A vacina, segundo os investigadores, revelou-se segura e portou-se de forma aceitável durante os 42 dias que demorou o estudo. Não foram detetadas situações graves e os efeitos secundários mais comuns foram dores no lugar da injeção, alguma febre, dores de cabeça, fadiga e dores musculares. A vacina mostrou também, após os 42 dias, que as pessoas que receberam o tratamento com os dois vetores de adenovírus - tipo 26 (rAd26-S) e tipo 5 (rAd5-S) - mostraram uma boa resposta de imunidade às células T.
Para Natalia Pasternak, microbiologista e presidente do Instituto Questão de Ciência, citada pelo jornal O Globo, os resultados são promissores mas ainda preliminares. "Eles fizeram uma boa fase 1. Usaram uma estratégia interessante, com dois adenovírus diferentes. Funcionou bem, eles conseguiram uma boa resposta de anticorpos compatível com pessoas que já tiveram a doença. Investigaram também linfócitos T e tiveram uma boa resposta", referiu a microbiologista.
A especialista ressalvou, contudo, que a fase 1 teve um número pequeno de participantes, a maioria jovens do sexo masculino, e que as próximas fases precisam de mais diversidade. "Por enquanto são resultados promissores. A vacina não deu efeitos colaterais graves, deu uma boa resposta, bons marcadores de imunidade", resumiu Natalia.
Julio Croda, infectologista da Fiocruz e professor da Faculdade de Medicina da Universidade Federal de Mato Grosso do Sul (UFMS), no Brasil, adiantou ao Globo que este estudo mostrou que a vacina é segura, produz anticorpos e gera uma resposta imune, apesar de a amostra ser bem limitada.
"Estudos prévios mostram que uma imunidade duradoura está mais relacionada à imunidade celular, e não ao anticorpo que circula no sangue. Isso não é um fato novo desta vacina, mas prova que ela gera essa imunidade celular", avaliou Croda.

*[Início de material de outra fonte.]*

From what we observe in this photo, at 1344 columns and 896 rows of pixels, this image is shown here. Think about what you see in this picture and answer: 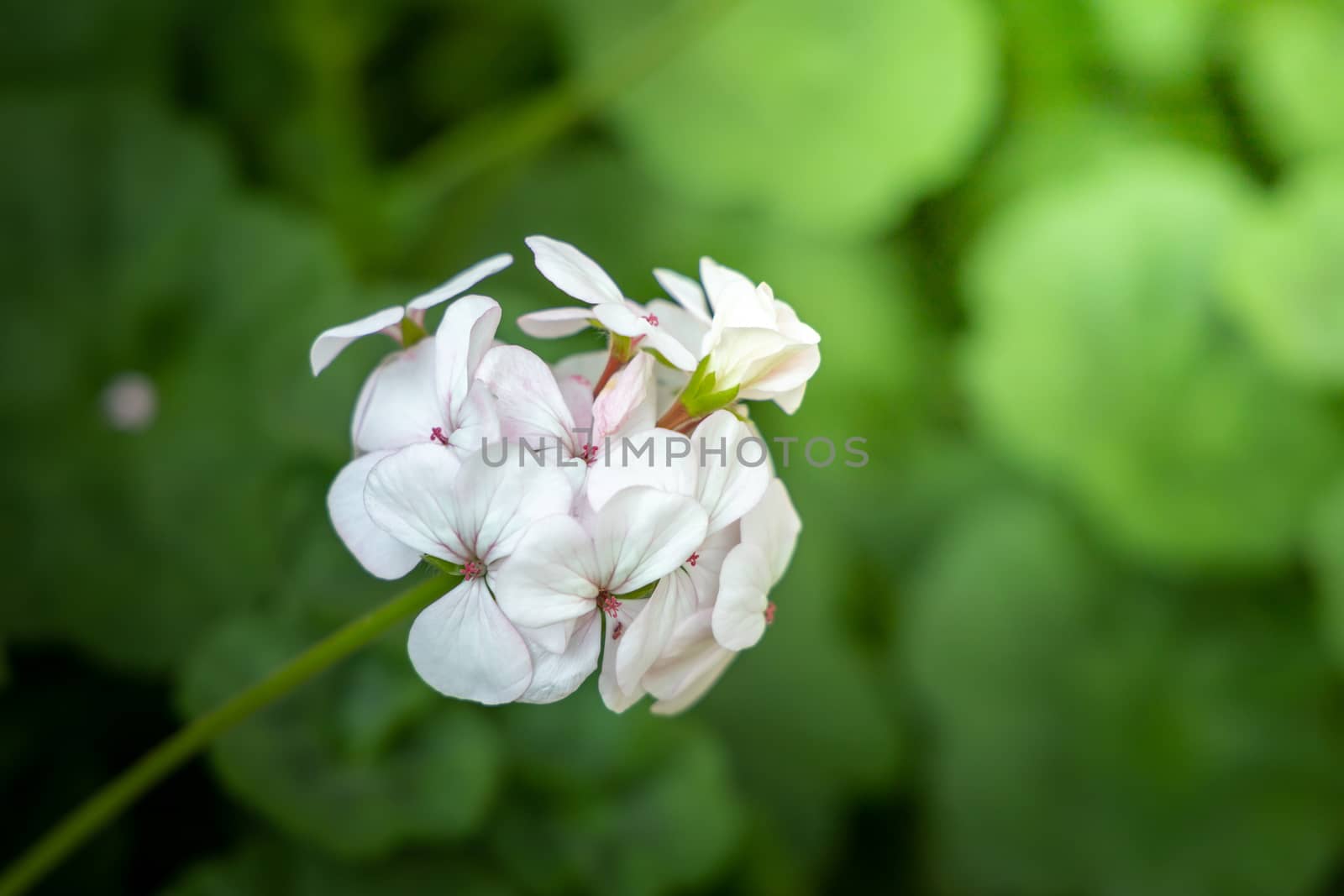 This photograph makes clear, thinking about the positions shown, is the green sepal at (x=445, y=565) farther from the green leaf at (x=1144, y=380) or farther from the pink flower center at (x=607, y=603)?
the green leaf at (x=1144, y=380)

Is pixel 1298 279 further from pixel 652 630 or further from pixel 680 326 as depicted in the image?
pixel 652 630

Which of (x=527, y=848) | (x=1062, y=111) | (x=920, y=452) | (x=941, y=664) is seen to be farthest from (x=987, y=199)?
(x=527, y=848)

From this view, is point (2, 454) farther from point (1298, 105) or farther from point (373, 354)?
point (1298, 105)

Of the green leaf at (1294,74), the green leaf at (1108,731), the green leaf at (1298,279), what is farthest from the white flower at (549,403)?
the green leaf at (1294,74)

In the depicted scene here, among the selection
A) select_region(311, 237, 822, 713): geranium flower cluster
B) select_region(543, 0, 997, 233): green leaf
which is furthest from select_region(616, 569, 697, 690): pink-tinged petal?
select_region(543, 0, 997, 233): green leaf

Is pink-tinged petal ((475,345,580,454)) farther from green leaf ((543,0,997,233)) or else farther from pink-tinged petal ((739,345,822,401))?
green leaf ((543,0,997,233))

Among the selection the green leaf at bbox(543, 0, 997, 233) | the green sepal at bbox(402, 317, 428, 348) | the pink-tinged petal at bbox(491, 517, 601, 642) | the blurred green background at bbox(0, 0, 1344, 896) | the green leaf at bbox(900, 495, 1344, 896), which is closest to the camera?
the pink-tinged petal at bbox(491, 517, 601, 642) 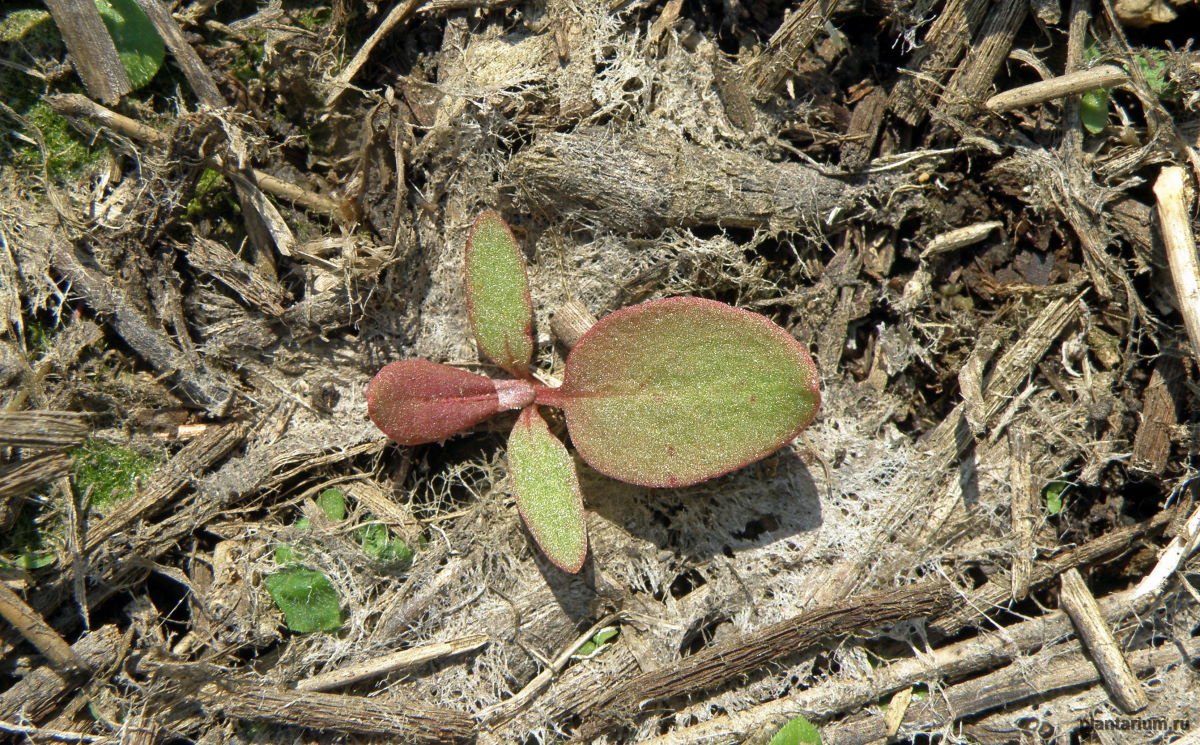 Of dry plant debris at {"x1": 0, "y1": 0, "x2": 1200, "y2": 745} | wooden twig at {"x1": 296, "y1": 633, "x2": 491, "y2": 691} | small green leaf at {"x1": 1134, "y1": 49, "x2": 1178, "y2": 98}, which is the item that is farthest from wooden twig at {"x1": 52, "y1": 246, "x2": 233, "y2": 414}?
small green leaf at {"x1": 1134, "y1": 49, "x2": 1178, "y2": 98}

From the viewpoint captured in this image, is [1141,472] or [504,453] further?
[504,453]

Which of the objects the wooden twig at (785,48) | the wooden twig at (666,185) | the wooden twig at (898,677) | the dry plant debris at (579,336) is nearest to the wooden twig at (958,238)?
the dry plant debris at (579,336)

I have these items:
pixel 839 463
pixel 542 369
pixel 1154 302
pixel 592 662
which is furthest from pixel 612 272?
pixel 1154 302

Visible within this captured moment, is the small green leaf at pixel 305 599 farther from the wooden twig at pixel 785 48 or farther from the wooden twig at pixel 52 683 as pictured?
the wooden twig at pixel 785 48

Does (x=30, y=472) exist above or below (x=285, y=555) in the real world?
above

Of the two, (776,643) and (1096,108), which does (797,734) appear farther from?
(1096,108)

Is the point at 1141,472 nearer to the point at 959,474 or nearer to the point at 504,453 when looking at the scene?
the point at 959,474

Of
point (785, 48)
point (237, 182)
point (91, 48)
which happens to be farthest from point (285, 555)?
point (785, 48) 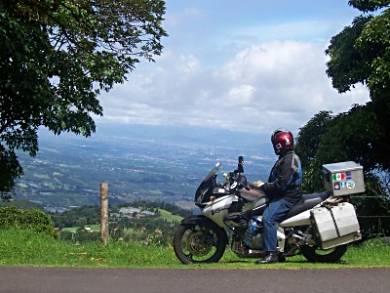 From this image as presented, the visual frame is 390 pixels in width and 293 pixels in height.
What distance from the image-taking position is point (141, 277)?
763 cm

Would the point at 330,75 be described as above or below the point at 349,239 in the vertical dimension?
above

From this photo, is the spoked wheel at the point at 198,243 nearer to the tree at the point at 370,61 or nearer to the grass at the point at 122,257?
the grass at the point at 122,257

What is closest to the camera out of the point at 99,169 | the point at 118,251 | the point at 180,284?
the point at 180,284

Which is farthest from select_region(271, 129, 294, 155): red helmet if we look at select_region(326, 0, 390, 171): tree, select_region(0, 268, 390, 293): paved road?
select_region(326, 0, 390, 171): tree

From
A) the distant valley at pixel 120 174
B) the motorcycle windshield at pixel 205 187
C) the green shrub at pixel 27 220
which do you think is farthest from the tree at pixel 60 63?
the distant valley at pixel 120 174

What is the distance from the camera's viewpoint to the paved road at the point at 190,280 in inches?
276

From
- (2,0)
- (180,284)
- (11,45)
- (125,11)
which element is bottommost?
(180,284)

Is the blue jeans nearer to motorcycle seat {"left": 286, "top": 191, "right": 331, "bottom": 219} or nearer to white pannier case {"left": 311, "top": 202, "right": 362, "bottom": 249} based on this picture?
motorcycle seat {"left": 286, "top": 191, "right": 331, "bottom": 219}

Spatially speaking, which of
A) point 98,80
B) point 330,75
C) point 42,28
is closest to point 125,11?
point 98,80

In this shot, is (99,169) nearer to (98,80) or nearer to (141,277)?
(98,80)

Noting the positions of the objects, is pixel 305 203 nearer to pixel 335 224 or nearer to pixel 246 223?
pixel 335 224

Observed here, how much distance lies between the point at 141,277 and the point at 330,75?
1508 cm

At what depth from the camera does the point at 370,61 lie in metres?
18.0

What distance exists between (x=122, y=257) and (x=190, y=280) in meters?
2.76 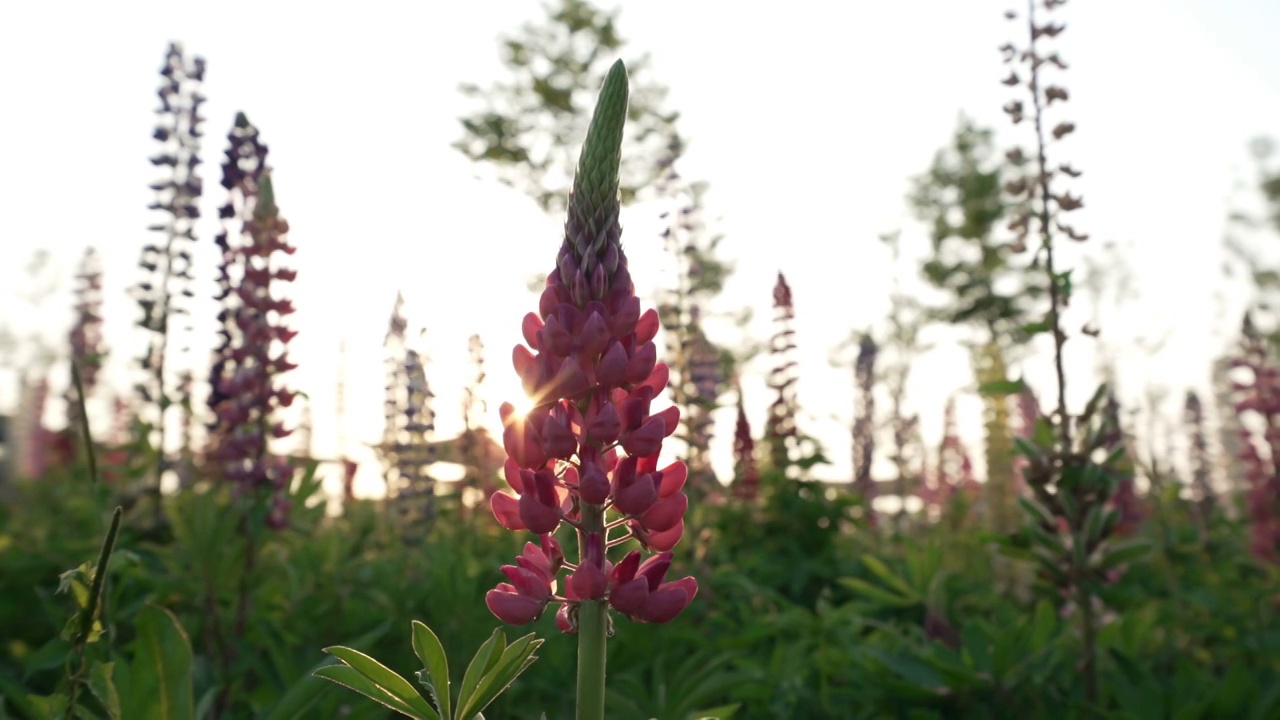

Há uns dias, Marta Temido, ministra da Saúde, partilhou das mesmas reservas da Organização Mundial de Saúde (OMS) quanto à vacina para a covid-19 anunciada pela Rússia, afirmando que não se pode sacrificar "segurança e eficácia" em nome da rapidez. A vacina russa, anunciada pelo Presidente russo, Vladimir Putin, não está entre as seis que a OMS disse estarem mais avançadas.
"É muito importante acelerar o processo de investigação em relação à descoberta de uma vacina eficaz, mas não podemos, nesse processo, sacrificar nem a segurança nem a eficácia terapêutica", declarou Marta Temido. A ministra indicou que relativamente à vacina Sputnik V, a primeira para a covid-19 a ser anunciada, "há factos que têm sido referidos, que a fase 3 [de testagem na comunidade] não terá sido, eventualmente, totalmente realizada".
O estudo foi feito da seguinte maneira:
Foram feitos dois estudos com 38 voluntários cada (76 no total) e, segundo os investigadores, não foram verificados efeitos colaterais sérios até 42 dias depois.
A Sputnik V usa dois vetores de adenovírus - tipo 26 (rAd26-S) e tipo 5 (rAd5-S)-, que funcionam como um "veículo de lançamento" do coronavírus no organismo humano.
Em cada um dos estudos, nove pacientes foram testados com o tipo 26, outros nove com o tipo 5 e os 20 restantes, com os dois.
Como são usadas formas enfraquecidas do adenovírus, ele não é capaz de se replicar no corpo humano e, consequentemente, não causa doenças. O adenovírus geralmente causa a constipação comum.
Os participantes foram testados entre 18 de junho e 23 de agosto e todos desenvolveram anticorpos para o coronavírus.